» **Data shown**:
★ ★ ★ ★ ★

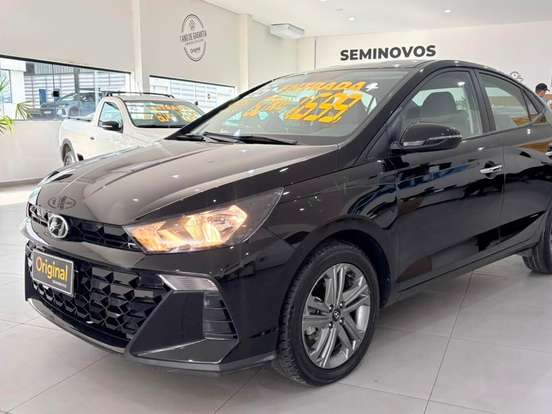 HYUNDAI-HB20S-1.0 TGDI FLEX LIMITED AUTOMÁTICO HYUNDAI-HB20S-2025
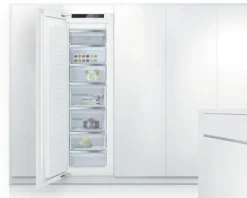 Gefrierschrank Bosch GIN81ACE0 BxHxT 55,8 x 177,2 x 54,5 cm Gefrierteil 212 l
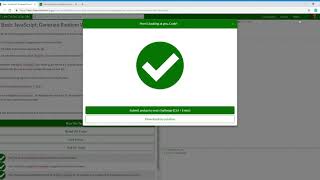 Basic JavaScript Generate Random Whole Numbers with JavaScript 104/111 Learn freeCodeCamp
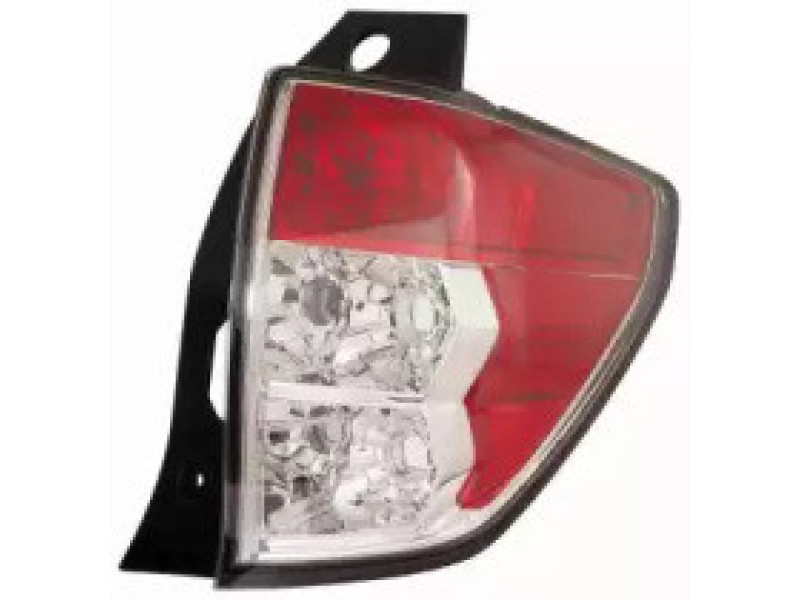 Ліхтар задній Subaru Forester (08-12) правий (DEPO) 84912SC101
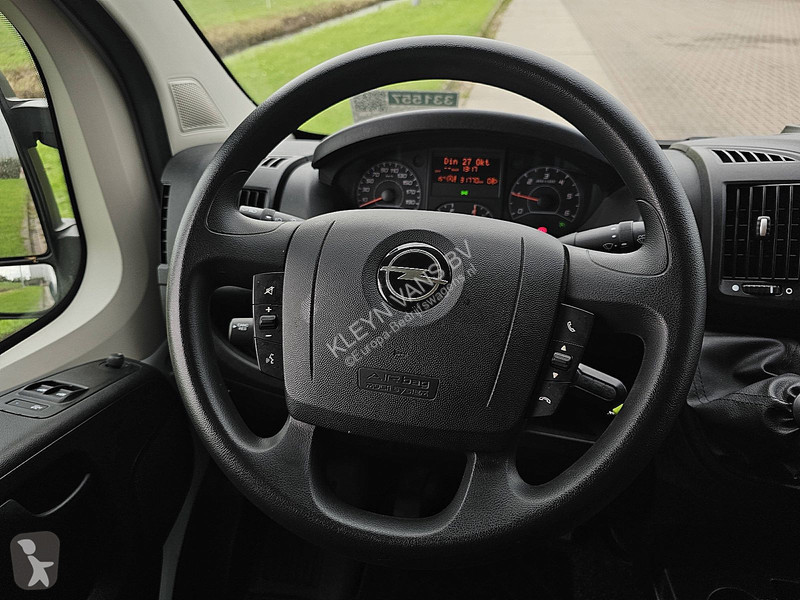 Furgoneta Opel 2.2 L2H2 Airco BPM Vrij 3 Zits...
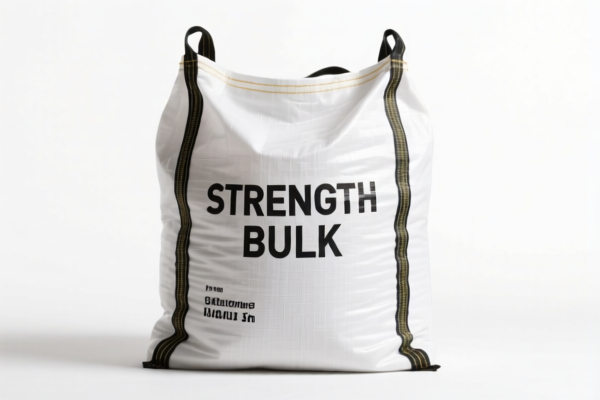 High Strength Bulk Bags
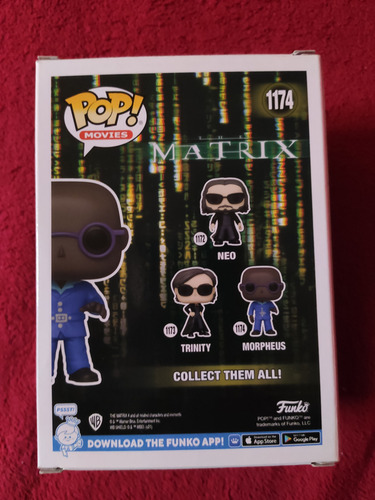 Funko Pop Morpheus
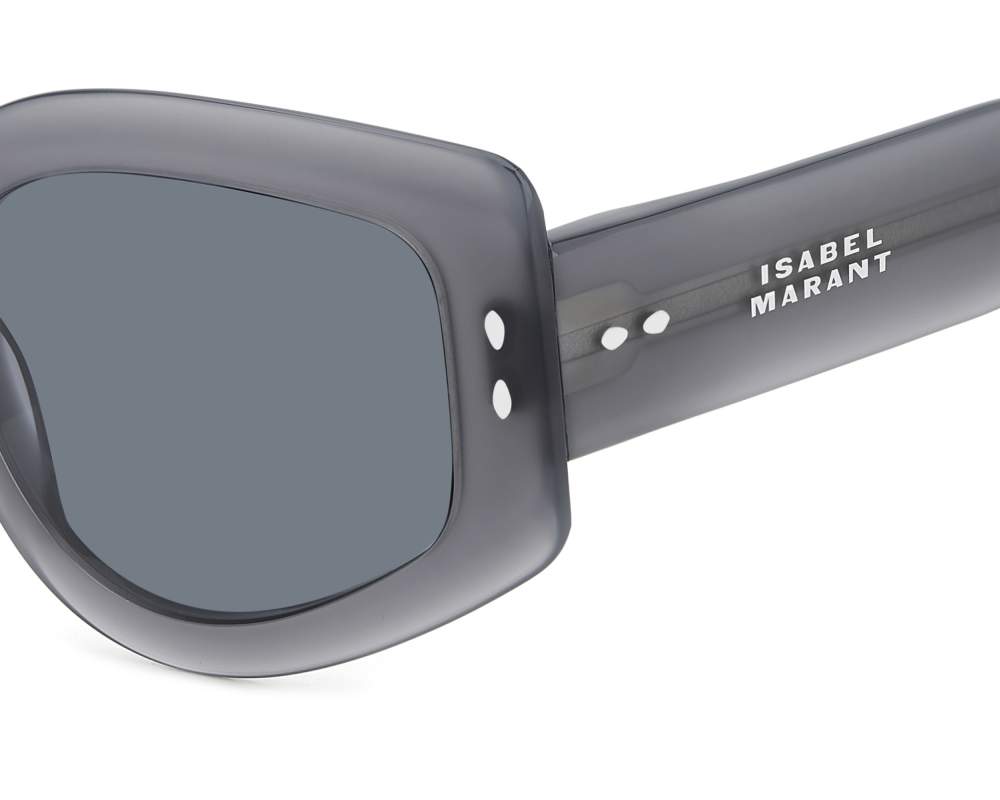 Isabel Marant Isabel Marant IM-0156-S KB7IR 54-23 Gris autre vue Isabel Marant Isabel Marant IM-0156-S KB7IR 54-23 Gris autre vue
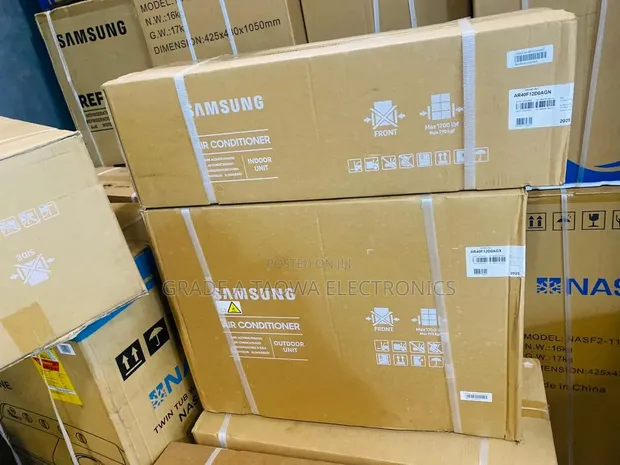 Samsung 1.5hp Split Type Inverter Air Conditioner - 1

★ ★ ★ ★ ★

Each line from the line containing "Ліхтар задній Subaru" through the last line above must be written out exactly, and every picture must be omitted.

 Ліхтар задній Subaru Forester (08-12) правий (DEPO) 84912SC101
 Furgoneta Opel 2.2 L2H2 Airco BPM Vrij 3 Zits...
 High Strength Bulk Bags
 Funko Pop Morpheus
 Isabel Marant Isabel Marant IM-0156-S KB7IR 54-23 Gris autre vue Isabel Marant Isabel Marant IM-0156-S KB7IR 54-23 Gris autre vue
 Samsung 1.5hp Split Type Inverter Air Conditioner - 1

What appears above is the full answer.